Other than that, there is not much new update other than the fact that I didn't get accepted into one of the schools I applied for. I'm beginning to think that, perhaps studying is not the way to improve my own writing. What will probably end up doing is me getting stuck in workshops, which I hate. I hate competitiveness, especially when it comes to writing, I think it hurts my writing more than it helps and I believe that what I really need is to read more deeply and work at trying to describe things more precisely--specific yet without losing the instinct of what the thing feels like, not merely what it is or looks like.

I have been reading Virginia Woolf's diaries. She is an excellent writer who is obsess with trying to capture life and its essence. I think her attempt is obvious.
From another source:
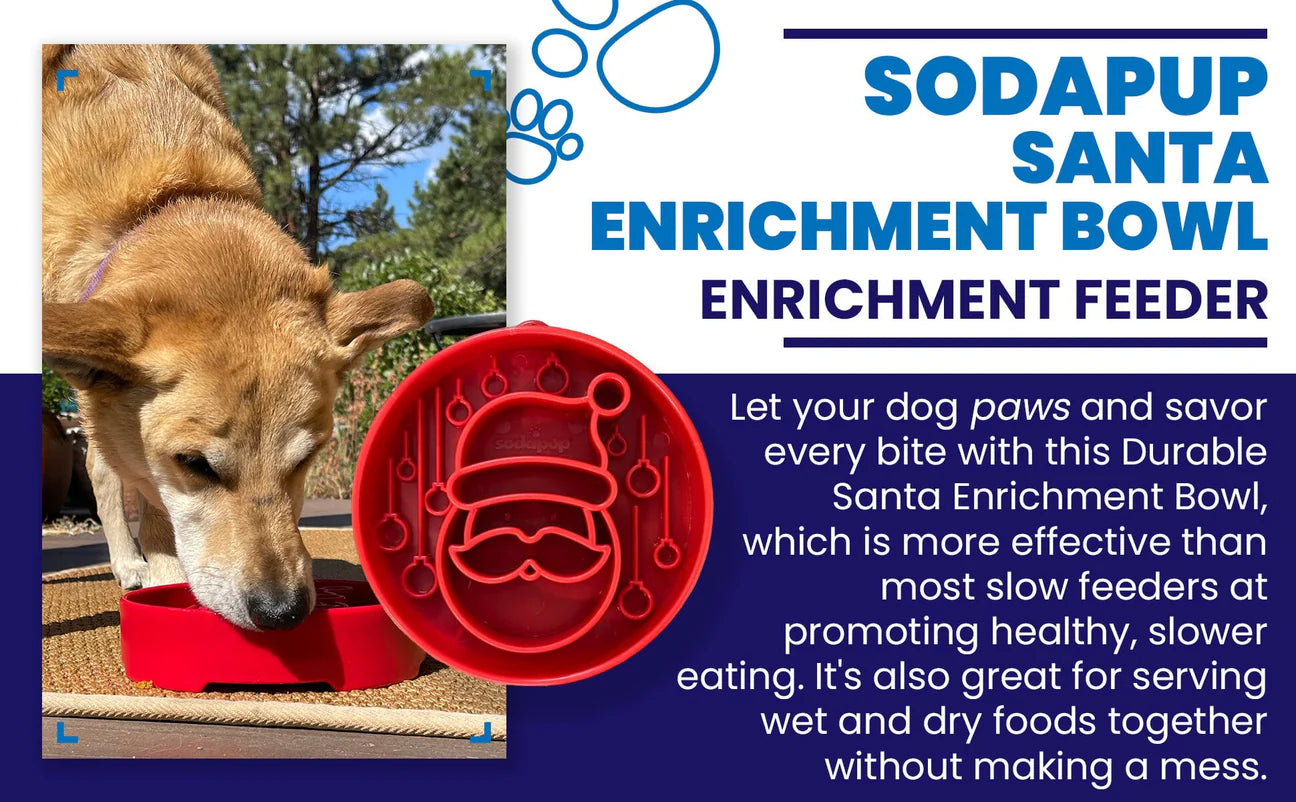 Santa Design Enrichment Slow Feeder Bowl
As beautiful as her books are though, her sense of life and its essence always remain elusive. Her writing is sensual but yet at the same time, it lacks some of that grittiness of the realists whom I have been reading. Why do things always have to be in two extremes? Either you are cut and dried like Hemmingway and Carver and the impact of their words hit like a boxer or it has to be a meandering form of musing like Woolf's, no one seems to be able to deliver both. Or perhaps it is just a matter of me not reading widely enough. I long to discover excellent new comic writers. SOmetimes, I think writers take themselves too seriously. Want to read someone like Wodehouse or Douglas Adams.
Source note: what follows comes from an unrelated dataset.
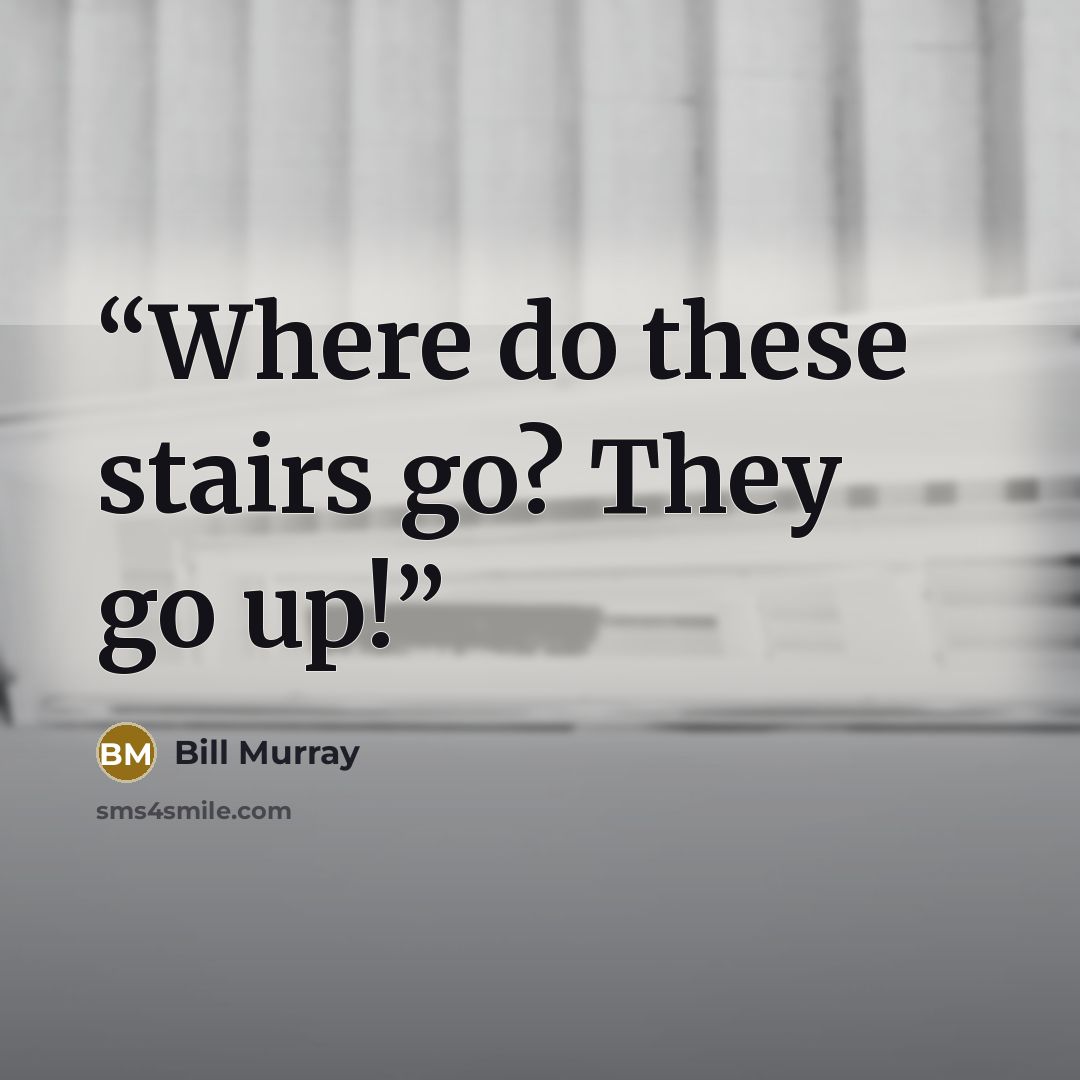 “Where do these stairs go? They go up!” quote by Bill Murray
By: Nippy | Sunday, March 14, 2010 at 2:27 PM | |

2010 and again

I admit, I'm just bad at keeping up with writing and updating about myself. Just haven't been motivated or inspired lately. Is it age? I certainly hope not, because I hope to live a long fulfilled life, if it all peaks here and then go downhill, then what's the point. And "what's the point" is always a dangerous question to ask. Because then one either is forced to turn to religion for some consolation, which I already tried and feel that I am unsuited for, or one then drifts into nonchalance where everything goes. I am more in danger of than than anything else. I guess what saves me from thinking-- oh I'll just settle-- is that I'm an idealist at heart. Nothing is good enough (that of course includes myself). I don't know, then again, perhaps it's just discontentment. I know there is one thing I love and one thing that gives me that sense of fulfillment, but I just don't think I'm very good at it (yet). I hope to be and I want to work hard at getting good, but sometimes I just feel like I'm out in the wild, randomly hacking down trees to find the miraculous pot of gold that is there, hovering alluringly for a moment, then on a second look is just a bad lighting trick. I feel like I'm suspended somewhere and the ground is two thousand feet under and I'm still floating waiting to hit the ground. I've been feeling this way for three years now, the scary thought is that this feeling would never end and I will never feel grounded again. Never feel that I'm in my skin. Never feel that I'm doing what I should be doing, never feel that I belong. After this long break from here, all I do is grumble. I know. But the sense of drifting that I had mistaken for freedom is now feeling like being on an unmoving boat waiting for the masoon winds to take off.

Am I making any sense? More than ever this has been the question I have been asking. I look at my writing and ask, does this make any sense? I ask the tutees at the lab if what I said made any sense. Sometimes I just feel blank--does this make any sense? Perhaps growing older is just another curiouser and curiouser experience. I hope I will not become one of those old crackers who lose their teeth and their mind at the same rate. Just today, I saw this old man on the bus, he had this wild yellow flower that he had plucked and he kept smelling it and muttering to himself. It was quite beautiful from where I sat, but the old lady next to him was scared half to death and part of me wondered if it was the man she was scared of, or perhaps it was his fate she was so afraid of.